Updated: Monday, 15 Jun 2009, 7:03 PM EDT
Published : Monday, 15 Jun 2009, 5:40 PM EDT
Hartford (WTNH) - Generous tax incentives have brought big time film makers and some new companies to the state. But now a report says the incentives are costing more than they make.
A group that advocates for children says it makes no sense to cut services to them in these tough economic times and subsidize the entertainment industry.
Seeing Harrison Ford make the latest Indiana Jones movie and bumping into Steven Spielberg have been two of the bonuses of the state's love affair with the film industry.
But generous tax breaks that have brought several major film productions into the state along with several new companies are coming under fire as a bad deal for state taxpayers.
Entitled, "Fiddling While Rome Burns; Connecticut's Multi Million dollar, Money Losing Subsidy to the Entertainment Industry," the New Haven based Connecticut Voices for Children advocacy group took the state's own numbers and concludes the incentives are a losing proposition.
Of the $113 million in tax credits awarded, so far only eleven percent of the expenditures were actually made in Connecticut.

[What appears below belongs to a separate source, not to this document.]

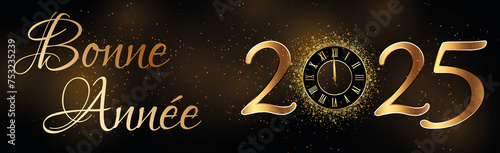 carte ou bandeau pour souhaiter une bonne année 2025 en or le 0 est remplacé par une horloge sur un fond noir et marron en dégradé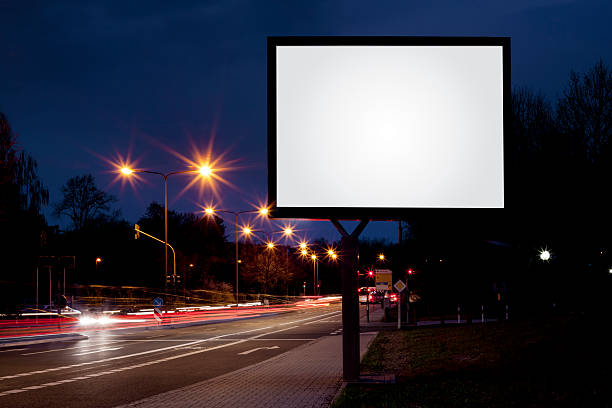 outdoor de publicidade em branco na rua da cidade à noite - outdoor road - fotografias e filmes do acervo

"It appears from the data, so far, that the state is subsidizing businesses out of state," Shelly Geballe, president and co-founder of Voices for Children, said.
Karen Senich, heads the state agency involved in the program.
"She neglects to talk about jobs, this legislation is all about job creation," Senich said. "This program has been in effect for about thirty months. We've had over 4,000 jobs created and jobs really are the key to stimulating our economy."
"The report looks at that and makes a set of assumptions that if people are paying five percent on all of the income made, eleven percent on all of the hotel expenditures and the like, what would be the total revenue gain to the state?," Geballe said. "And it's still far less than a dollar tax credit."
The tax credit was championed by former Speaker of the House Jim Amann of Milford. He's hanging his hat on this idea as he runs for governor.
Today, he called the report incomplete and inaccurate.
"At a time where an industry is growing jobs; Voices For Children has fried the goose that laid the golden egg of opportunity for our state," Amann said.
Amann says it's too early to close the books on this and that this report will cause film companies to think twice about coming here.
Governor Rell has proposed putting a cap at about $30 million on the film industry tax credits.
Voices for Children says that in order to save money in the state budget there should be a cap or the credits should be eliminated.